On another day, I will explain in more detail how Sam Bronfman rose to power, and how murder, even the threat of murdering his own brothers, was not beyond him. Clare was not altogether wrong in being ashamed of her family’s history.

Of course, Sam Bronfman sanitized his image somewhat by large, publicly-acclaimed charitable works, but he was at heart a cutthroat and murderer, who would destroy another as quick as look at him.

Getting back to the report by Clare’s attorneys, they write, “Mr. Raniere helped [Clare] to learn about business and finance. He supported and encouraged her to grow businesses outside of NXIVM and to seek outside experts to guide her.”

This is really rather laughable or pathetic depending on how you view the relationship.  Raniere got her and her sister to invest and lose $65 million in commodities, gullibly believing in his ideas about business and finance. He led them to invest $26 million in real estate in Los Angeles for a project that ran amok and, but for the efforts of this writer, would have resulted in their losing most or all of it.

He had them squander perhaps as much as $50 million in lawsuits that destroyed opponents but did not increase their wealth and finance and, ultimately, led to the destruction of Nxivm, Raniere and Clare Bronfman, as their enemies turned against them and helped to expose them.

Bronfman lost more than $100 million learning from Raniere about business and finance.

It is true, of course, that “Mr. Raniere became one of the few people Ms. Bronfman felt she could confide in, and [was] the most important person in her life. ”

He took control of this gullible and perhaps vulnerable heiress.

The attorney writes “Consistent with her dedication to NXIVM and her prodigious work ethic, [Clare was] quickly promoted her within the organization.” I think this should read “consistent with her wealth…”

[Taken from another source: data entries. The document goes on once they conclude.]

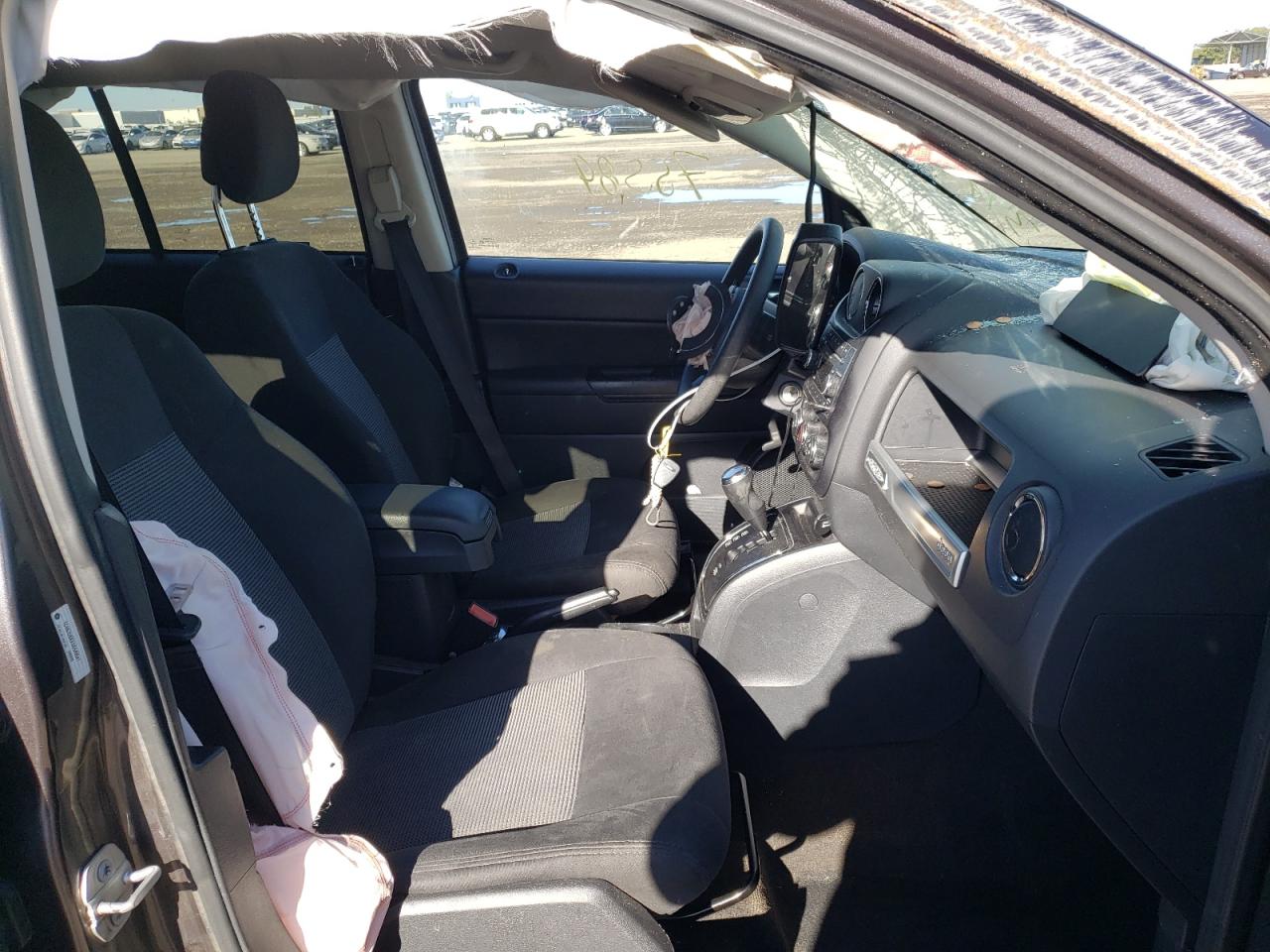 Photo 5 from auction – 2016 JEEP COMPASS SP with VIN 1C4NJDBBXGD549541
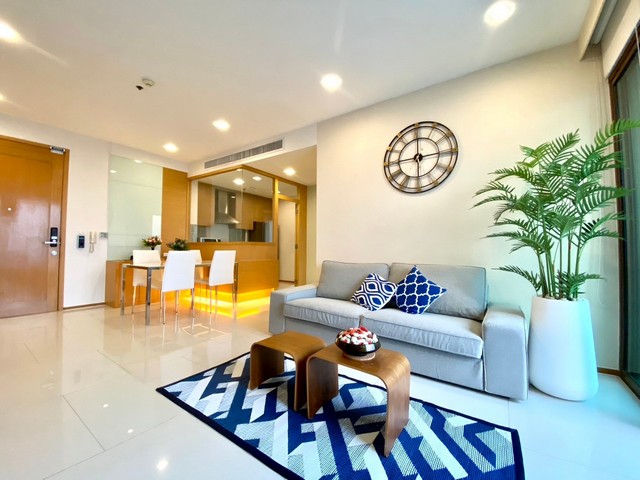 ให้เช่าโกดัง 1,188ตร.ม.ย่านบางบอน ถนนบางบอน1 เคยเป็นโกดังเซียงกง และฉีดพลาสติก รถเทรลเลอร์เข้า-ออกได้ราคาเช่า 50,000 บาท / เดือนที่ตั้ง ถนนบางบอน 1 แขวงบางบอนเหนือ เขตบางบอน กรุงเทพมหานคร 10150ติดต่อ : คุณภัสพงณ์ 063-409-8164Line : deedaa23เนื้อที่ 1.5 ไร่ พื้นที่ใช้สอย 1,188 ตารางเมตร กว้าง 25 เมตร ยาว 80 เมตรก่อนหน้านี้เคยเป็นโกดังเชียงกงรถบรรทุก และฉีดพลาสติกระบบไฟ 3 เฟส รถเทรลเลอร์เข้า-ออกได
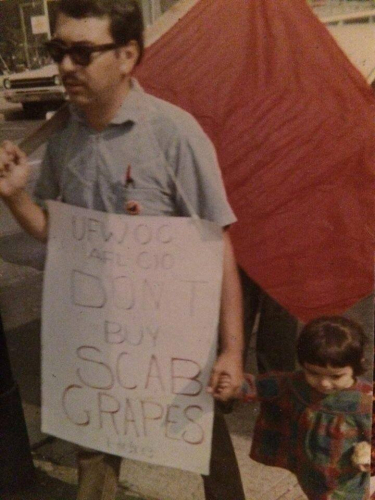 sm_rojas_al_on_picket_against_scab_grapes.jpg 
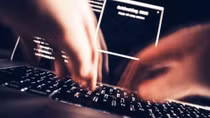 Chiến dịch bí mật theo dõi web đen khiêu dâm
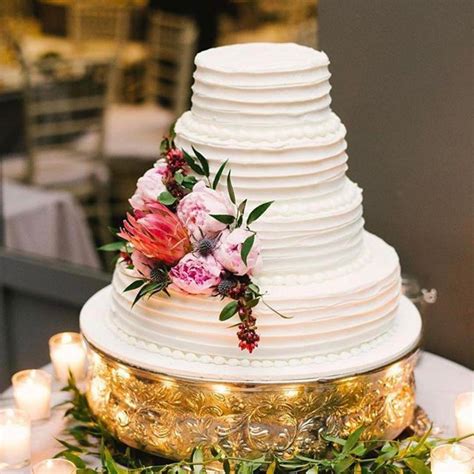 Wedding Cakes – World of Chantilly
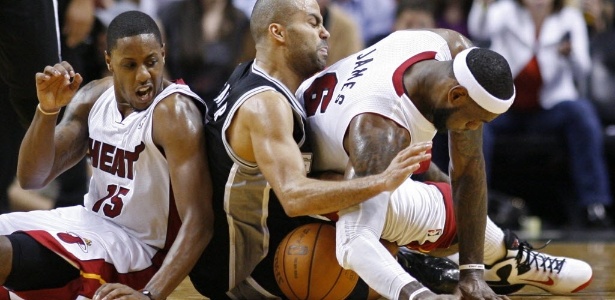 Derrotado na final de 2007, LeBron James volta a enfrentar o trio de astros dos Spurs em uma decisão - Andrew Innerarity/Reuters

In 2009, Bronfman became a member of the executive board and this I am told was in consequence of Barbara Bouchey and the Nxivm-9 defection which Raniere blamed on the old executive board, and Nancy Salzman [when, in reality, it was he himself who caused the defection.]

Clare Bronfman with the Dalai Lama

Clare, now flush with power, perhaps allowed it to go to her head. She fairly quickly replaced Nancy Salzman as the second in command of Nxivm and had vast control of the operations. In the same year she became the most powerful member of the executive board, she also arranged for the Dalai Lama to come to Albany for a lecture.

As for DOS, Clare may not have known about it prior to June 2017, but she certainly knew about it after I broke the story on June 5, 2017.

By July, she went to Vancouver to try to get one of my primary sources for the story, Sarah Edmondson, arrested. During the summer of 2017, she worked with attorneys in Mexico to try to threaten and intimidate DOS defectors.

Finally, as for the review by ex-law enforcement and forensic psychologists and others, who purportedly “found that the women of the sorority were thriving and doing better and that this was an overall really good thing” – this is utter nonsense.

And actually largely a lie. The law enforcement people were never named, although I believe I discovered who they were and, in any event, how would law enforcement officers be qualified to judge whether women in DOS were doing better or not.

As for the “forensic psychologists”, this again is an error. As far as I know, there were no forensic psychologists. Instead, there a forensic psychiatrist and only one –  he is the famous Park Dietz – who evaluated the impact of DOS on its members. However, as far as I know, he did not evaluate multiple women of DOS.

In reality, he only examined one, India Oxenberg. I was in communication with Catherine on the day she spoke with him and listened to their conversation. He told her his findings about India were inconclusive.

Even if he did finally conclude that India was doing well as a member of DOS, this is not evidence that all the women members were doing better or that DOS was an overall really good thing.

By the way, Park Dietz was also famous for testifying that the cannibal/murderer Jeffrey Dahmer was sane.